VA Tech Killer Identified as Insane Gook

P

Patriot Games

Guest
http://www.newsmax.com/archives/articles/2007/4/17/93101.shtml?s=lh

Virginia Tech Killer Identified
NewsMax.com Wires Tuesday, April 17, 2007

BLACKSBURG, Va. -- A Virginia Tech senior from South Korea was behind the
massacre of at least 30 people locked inside a campus building in the
deadliest shooting rampage in modern U.S. history, the university said
Tuesday.

The Virginia Tech Police Department identified him as Cho Seung-Hui, 23, a
senior in the English department.

Police also said ballistics tests showed one of the guns found after a
deadly shooting at Virginia Tech was used in both shootings, at the doom at
the classroom building.

The bloodbath ended with the gunman's suicide, bringing the death toll from
two separate shootings - first at a dorm, then in a classroom building - to
33 and stamping the campus in the picturesque Blue Ridge Mountains with
unspeakable tragedy.

President Bush planned to attend a memorial service Tuesday afternoon at the
university, the White House said, and Gov. Tim Kaine was flying back to
Virginia from Tokyo for the 2 p.m. convocation.
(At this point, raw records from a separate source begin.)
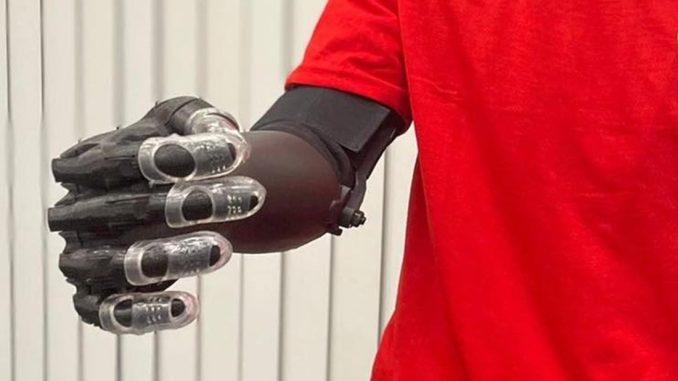 Protésis plásticas con impresión 3D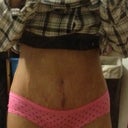 Very happy that my underwear will cover scar naturally as well :) also i can finally see some thigh gap! never had that before , however doctor says that i will see the  final results in about 4-6 months on lipo.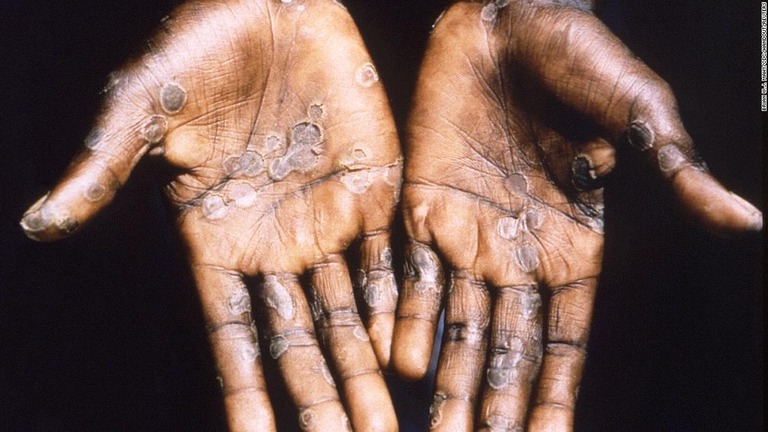 サル痘の患者の手のひら＝１９９７年、コンゴ民主共和国/Brian W.J. Mahy/CDC/Handout/Reuters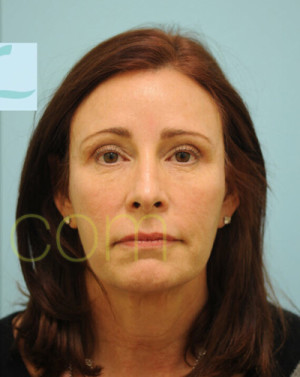 Female Hairline Lowering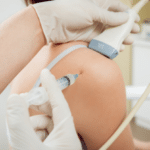ultrasound-guided-platelet-rich-plasma-injection-of-the-shoulder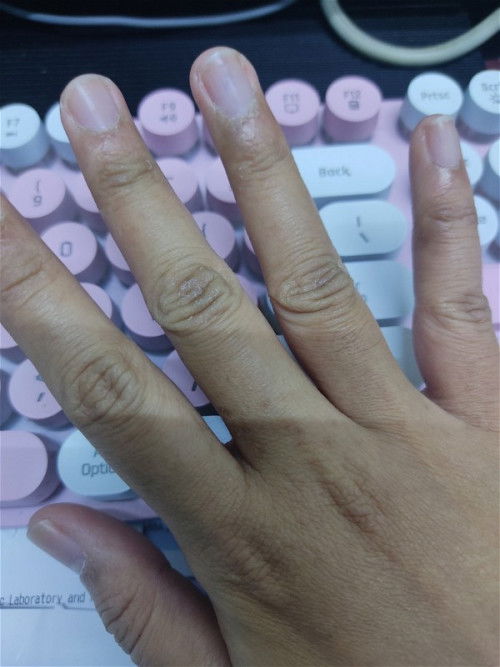 Hand cream recos for dry skin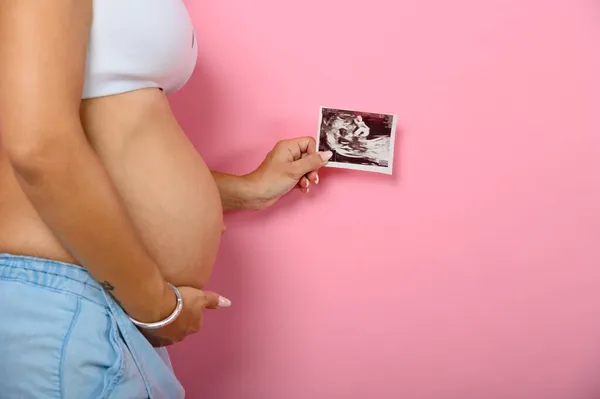 Maman enceinte montre une échographie de son fils — Photo
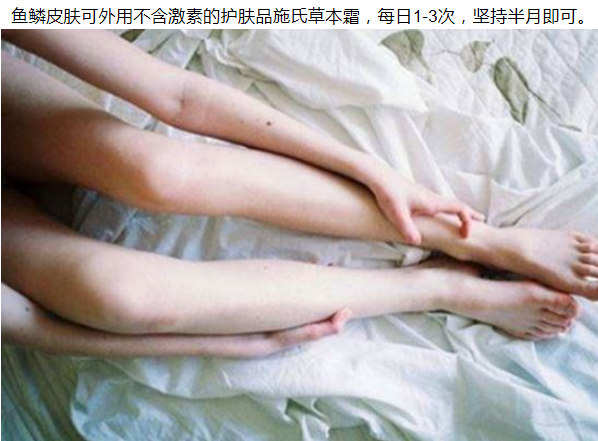 小腿鱼鳞病怎么办 清楚原因有效防御 健康频道 手机搜狐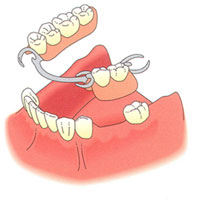 partials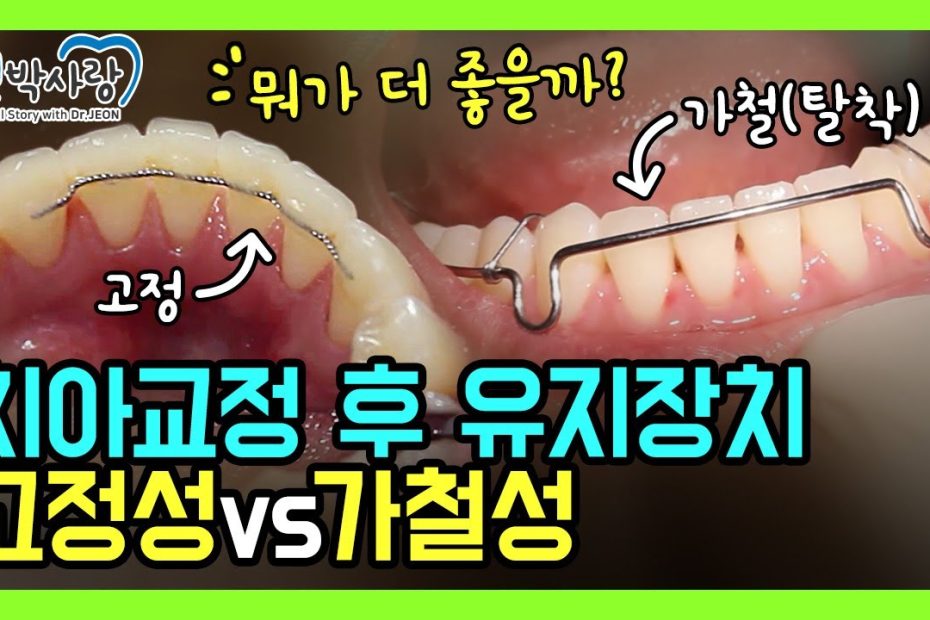 2-37. 치아교정 후 유지장치 뭐가 더 좋을까요? 한 번에 이해되실 겁니다. ⭐치아교정 부작용 막기⭐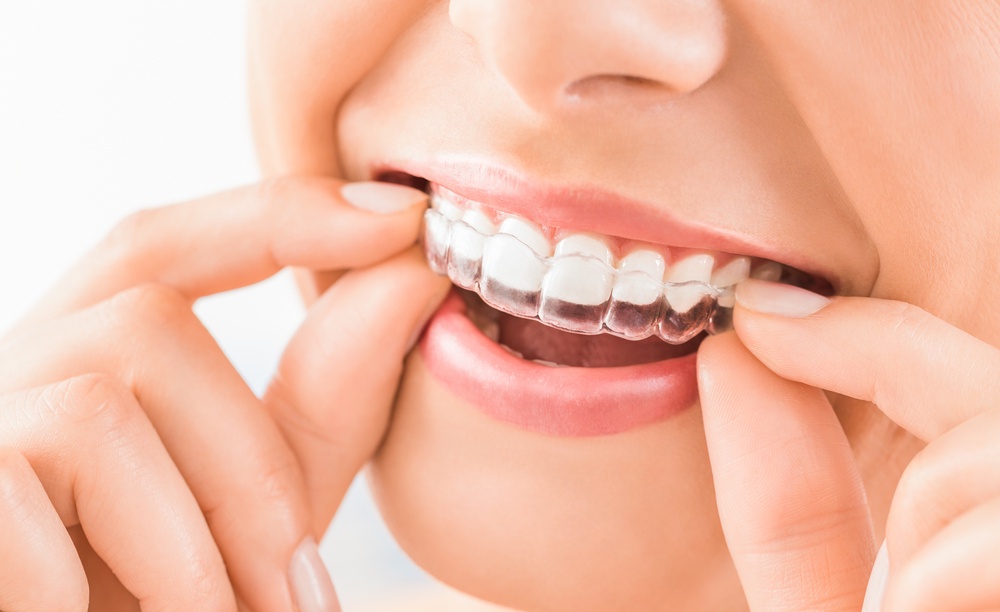Invisalign in Clermont: Straightening Smiles with Modern Precision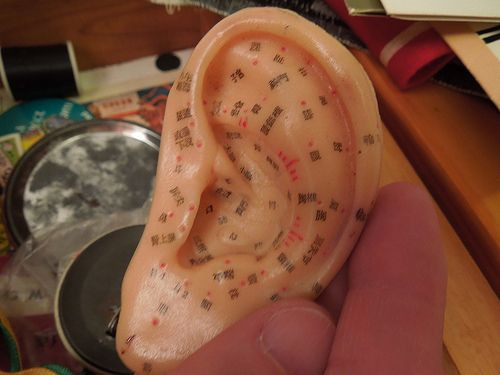 acupuncture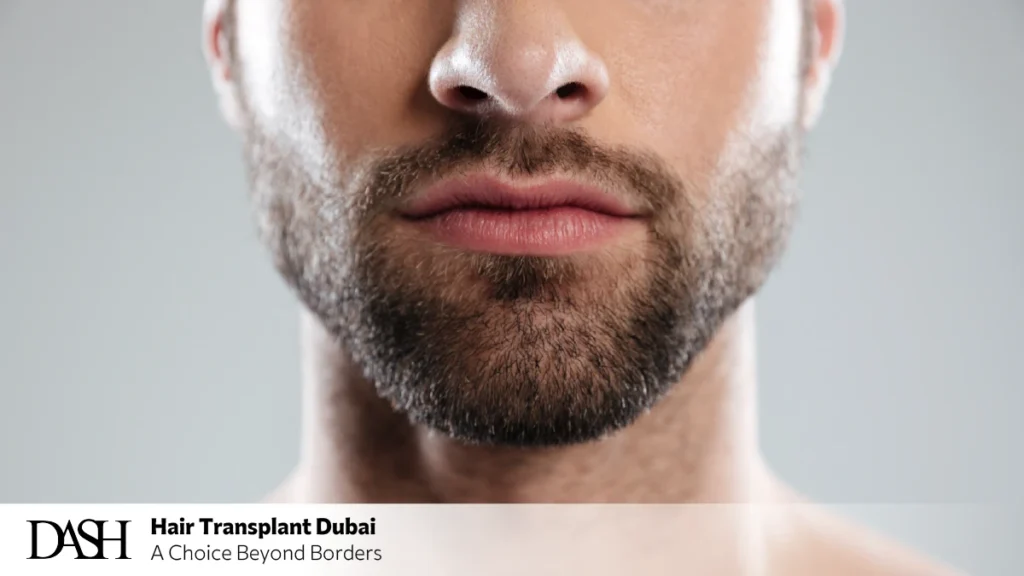 Beard Transplant Results at Dash Clinic in Dubai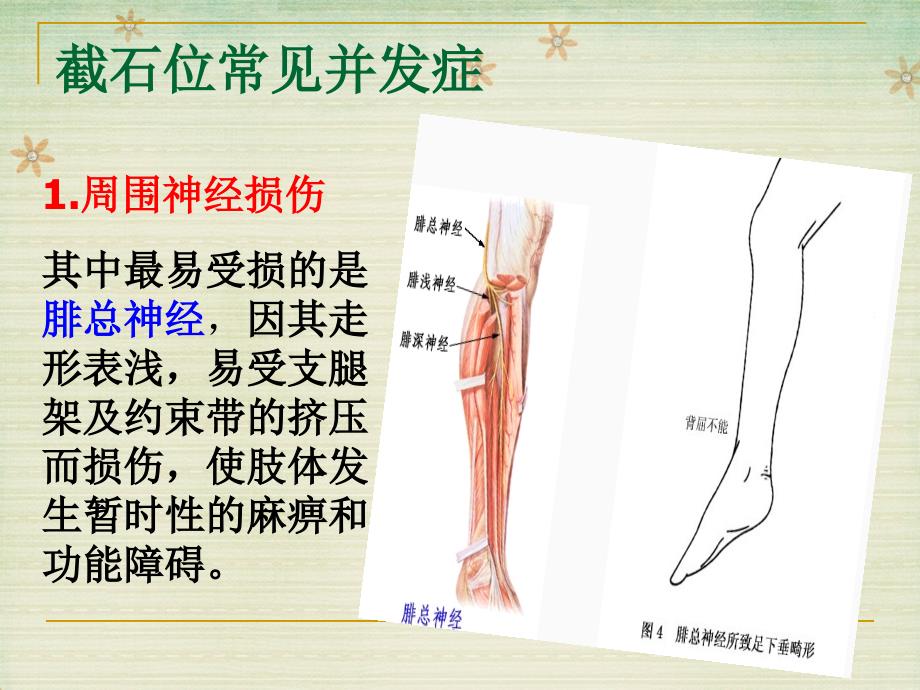 《截石位的摆放》PPT课件.ppt_第4页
The first deadly attack, at a dormitory around 7:15 a.m., left two people
dead. But some students said they didn't get their first warning about a
danger on campus until two hours later, in an e-mail at 9:26 a.m. By then
the second attack had begun.

Two students told NBC's "Today" show they were unaware of the dorm shooting
when they walked into Norris Hall for a German class where the gunman later
opened fire.

Derek O'Dell, his arm in a cast after being shot, described a shooter who
fired away in "eerily silence" with "no specific target - just taking out
anybody he could."

After the gunman left the room, students could hear him shooting other
people down the hall. O'Dell said he and other students barricaded the door
so the shooter couldn't get back in - though he later tried.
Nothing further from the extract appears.